Assignment =
The reply should hold only the lines below beginning at the one with "Dwa wykresy ukazujące" and ending at the one with "2023년 예산안 저소득층 위한 주택도시기금 감소 네이트 뉴스", copied exactly, with every picture left out.

Extracted information =
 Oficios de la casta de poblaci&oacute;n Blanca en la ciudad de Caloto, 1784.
* * *
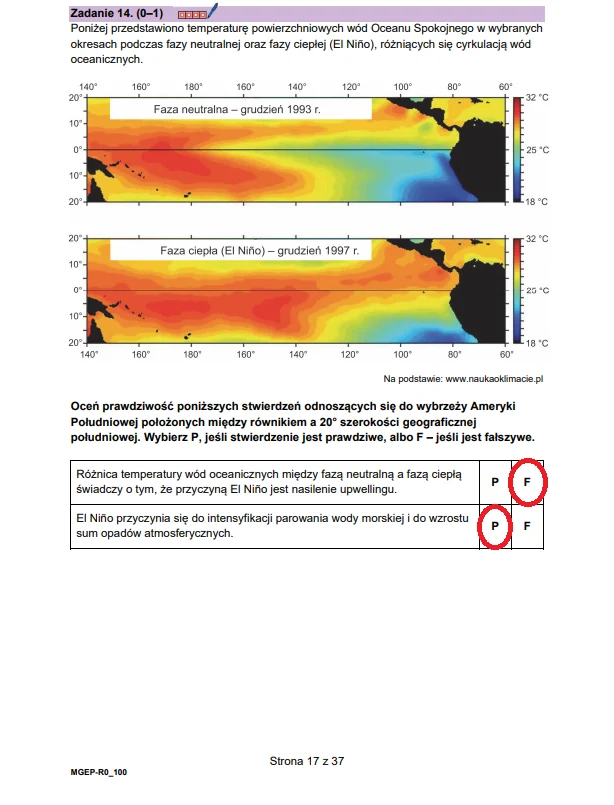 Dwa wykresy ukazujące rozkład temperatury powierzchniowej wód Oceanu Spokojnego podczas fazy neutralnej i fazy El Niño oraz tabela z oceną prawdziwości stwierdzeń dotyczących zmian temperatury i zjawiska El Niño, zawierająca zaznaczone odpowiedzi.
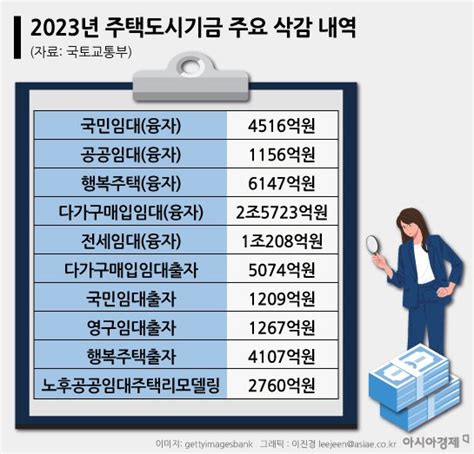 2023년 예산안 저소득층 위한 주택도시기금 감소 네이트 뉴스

Written solution =
 Dwa wykresy ukazujące rozkład temperatury powierzchniowej wód Oceanu Spokojnego podczas fazy neutralnej i fazy El Niño oraz tabela z oceną prawdziwości stwierdzeń dotyczących zmian temperatury i zjawiska El Niño, zawierająca zaznaczone odpowiedzi.
 2023년 예산안 저소득층 위한 주택도시기금 감소 네이트 뉴스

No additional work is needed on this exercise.